Many differences, in fact.
The most obvious one is that one is a language and the other is a word in the language.
But the more important difference is that dead languages stop changing. They become, to metaphorize the discussion, a noun. Living languages change constantly: they’re verbs.
And verbs aren’t things you study or idolize or forbid. Verbs are what you do. Living languages are performed constantly by the folks that use them. The meanings of the words therein aren’t determined by a dictionary or by an etymologist or by any expert whatsoever (possibly excepting, of course, technical jargon–but even there I’d make the case that that’s not an exception, were that case not a hijack). The meanings of the words are determined dynamically and cooperatively in the interchange between speaker and audience.
And the meaning isn’t just denotation. The meaning of a word includes its phonemes, its cultural baggage, its allusions, the knowledge of both speaker and audience, and more. The more of these aspects of a word you can yoke to your purpose, the more powerful your speech will be.

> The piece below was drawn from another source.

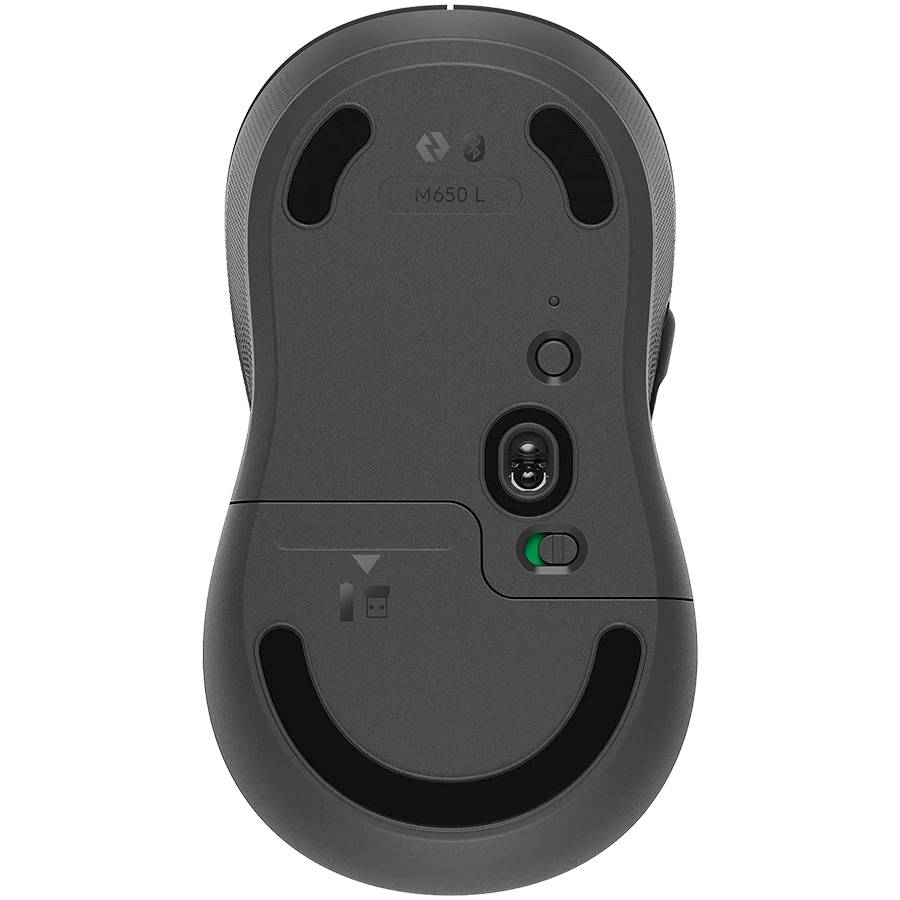 LOGITECH Signature M650 verslui Optinė pelė 5 mygtukai wireless Bluetooth 2.4 GHz Bolt USB receiver graphite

An ideologue, of course, might be willing to elevate principle over communication. He might decide that a phrase like “double-plus ungood,” even though it doesn’t communicate meaning as well as “malign”, is the word he wants to use, merely to promote a political agenda. Similarly, he might decide that the word “niggardly,” even though it’s going to distract and undermine his meaning more than a word like “miserly,” is the word he wants to use, merely to promote a political agenda.
But a powerful communicator won’t do so. A powerful communicator chooses the word that conveys meaning most clearly, without distractions, to the intended audience.
We each gotta choose whether we’re the ideologue or the communicator.